Reaction to the panel’s
recommendations have been so strong that even Congress has jumped into
the act. Olympia Snowe (R-Maine) introduced a resolution urging the
NCI advisory panel to consider reissuing guidelines recommending that
women in their forties seek routine mammograms. “Good science dictates
that mammography for women in their forties saves lives,” she
insisted.
Not the Senate’s Business
Others are questioning the
appropriateness of having politicians involved in the evaluation of
scientific evidence.
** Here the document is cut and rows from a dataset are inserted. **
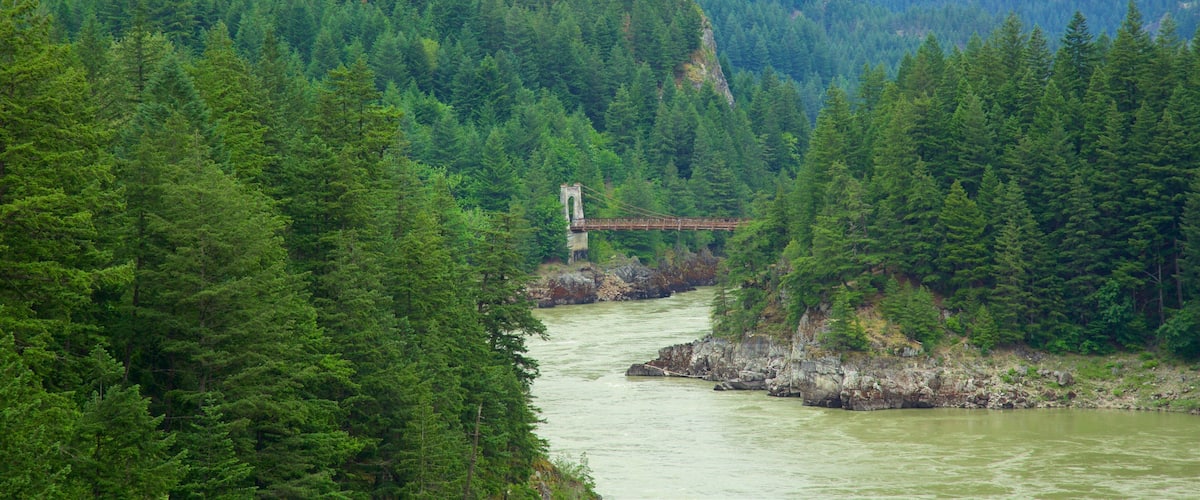 A suspension bridge over a river surrounded by dense forest.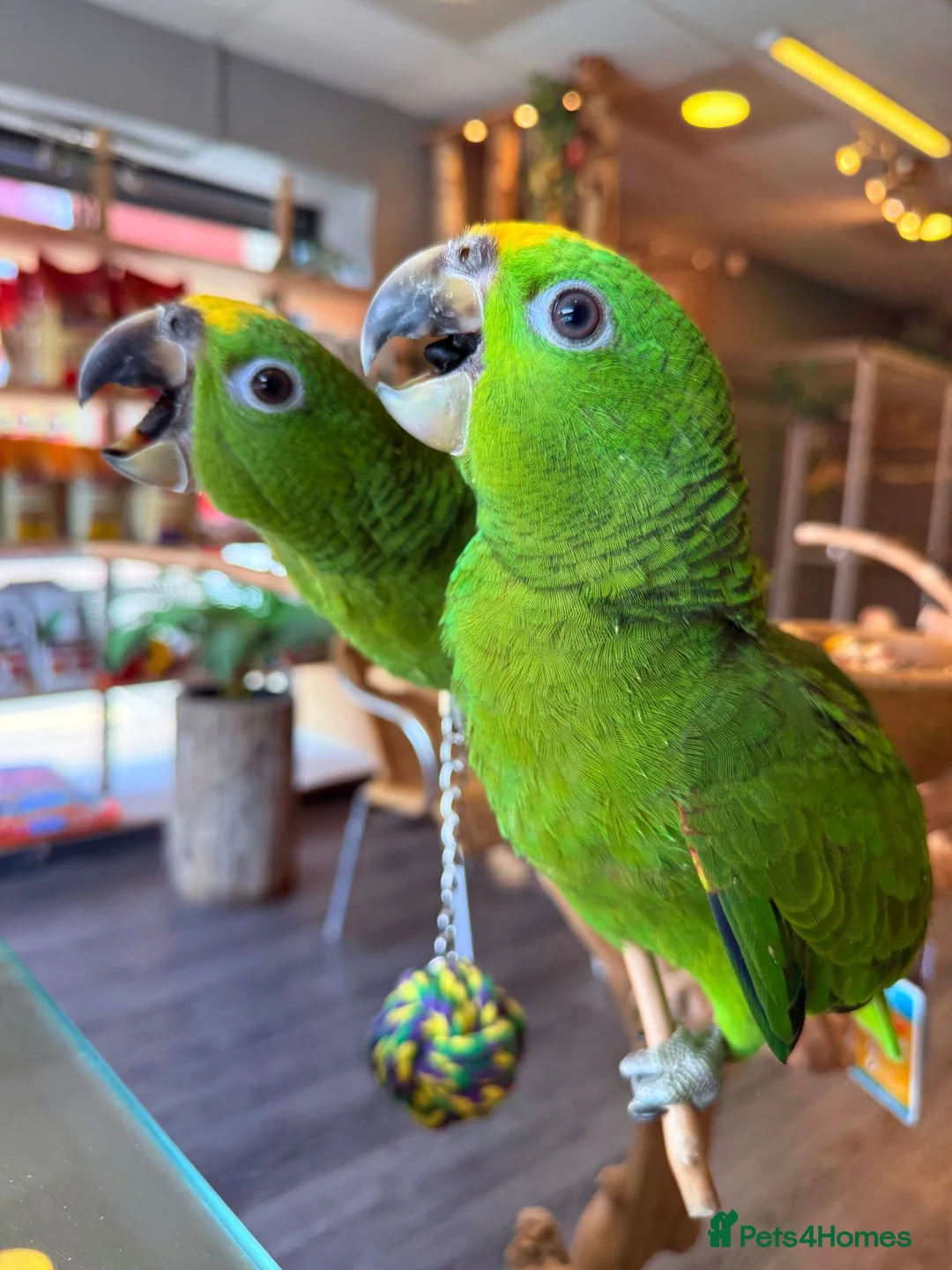 Parrots birds for sale: Gorgeous Baby Panama Amazon Parrots For Sale  - Advert 1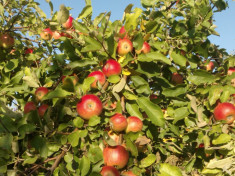 Pomi fructiferi de vanzare foto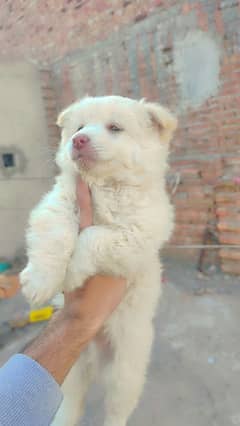 Russian male puppy zero size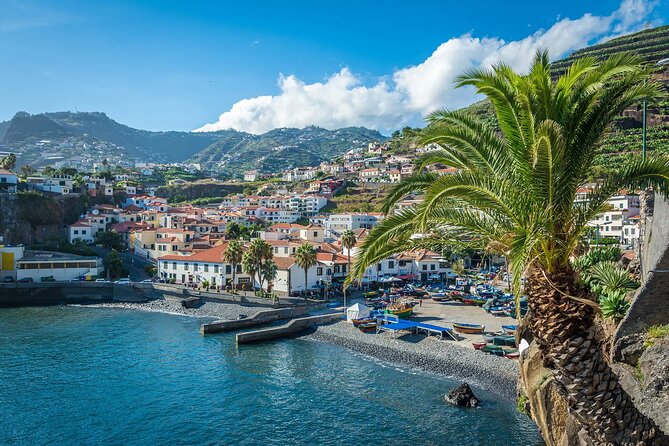 Private Tuk Tuk Tour on Câmara de Lobos, Fishing Village - Starting at Avenida Sá Carneiro, then getting on the road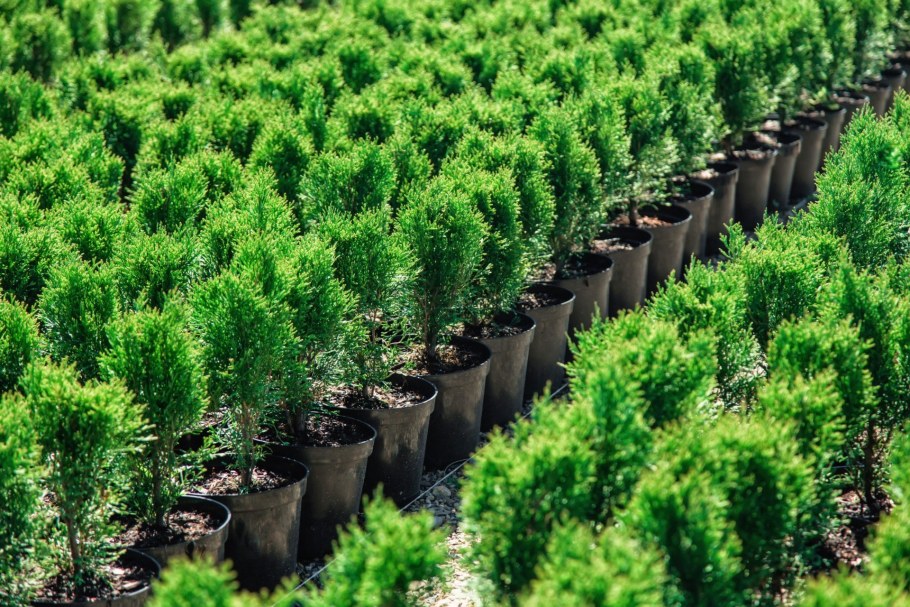 Питомник Азовский растений хвойных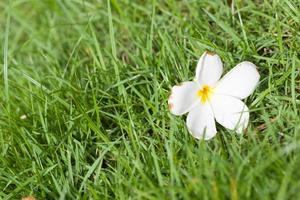vit blomma på gräset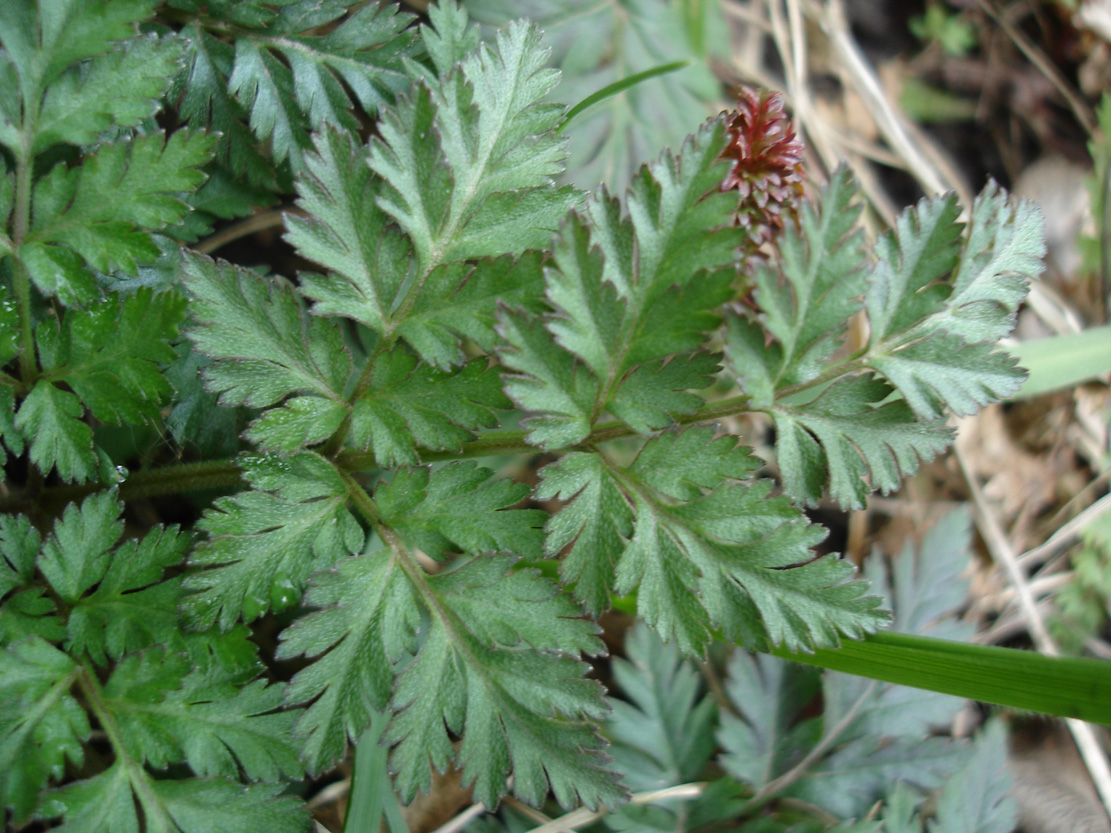 Image of familia Apiaceae specimen.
According to a Washington Post article (February
10, 1997) by Jessica Matthews, senior fellow at the Council on Foreign
Relations, “the Senate is once again trespassing where it has no
business to be. On the basis of some mysteriously acquired
epidemiological insight, 98 senators...recently concluded that women
in their forties benefit from routine mammograms...The National Cancer
Institute is under no illusion as to the source of its funding. The
chilling effect of a debacle like this one is not lost on those in
Bethesda and around the country whose research is funded by the
various National Institutes of Health. Sadly, for some, (including
often the most conscientious researchers) the lesson is to stay away
from any highly controversial issue. The larger result is to make the
NIH and the government’s other health-related agencies, whose job is
to evaluate data dispassionately, into less valuable protectors of
Americans’ health.”
[Editor’s note: The current
controversy is only the latest flare up in a long-standing
disagreement about the value of breast cancer screening for women in
their forties. For a detailed account of the history behind this
debate, see Gary Taubes’s recent article in Science, (February 21).
Believe it or not, epidemiologists are not painted in negative terms.]